Disputes over contact with children are best resolved by applying the principles set out in the Children Act 1989, which was brought in to help where no agreement could be reached over contact issues. The Act was amended in 2014 by the introduction of the Child Arrangements Programme (CAP) which led to a streamlining of contact applications issued before the court and an emphasis placed on the parties and their advocates in ‘front loading’ their cases, and wherever possible to achieving a settlement by way of a Final Order.

These changes were introduced as a result of the lengthy timescales of Children Act proceedings prior to 2014. Some cases could last several years. The introduction of these changes encouraged parents and grandparents to achieve settlement in a non-acrimonious fashion and for the primary benefit of the children. Fortunately, it is now very rare to see a children act case last more than several months. However, with the ever-increasing demands on the court system, it is inevitable that further changes to contact matters will follow in the next few years.

Last year Resolution worked in partnership with York University to explore possible alternatives to resolving contact disputes. New research based on Resolution’s ground-breaking Family Matters Service focused on understanding the experience of delivering a new model of practice, aimed at working jointly with both separating parents.
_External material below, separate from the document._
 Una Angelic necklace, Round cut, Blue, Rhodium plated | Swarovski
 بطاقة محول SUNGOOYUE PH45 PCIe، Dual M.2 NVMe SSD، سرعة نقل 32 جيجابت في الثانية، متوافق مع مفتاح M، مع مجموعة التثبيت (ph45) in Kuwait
The research suggested new ‘Family Matters Guides’, whereby experienced solicitors/advocates take on a new role; not acting as a lawyer or a mediator, but instead providing neutral legal information and support to enable them to help parents move towards a resolution through a non-adversarial approach. This process offers a more flexible approach to reducing the conflict between parents.

This would certainly reduce demand on the court system. It is clear that this role is aimed at replacing the gap when Legal Aid was almost abolished for Children Act matters, and with the introduction of the restrictions implemented under the Legal Aid, Sentencing and Punishment of Offenders Act 2012 (LASPO).

It is clear from reading the report that families separating in the future will have plenty of options available to resolve contact disputes.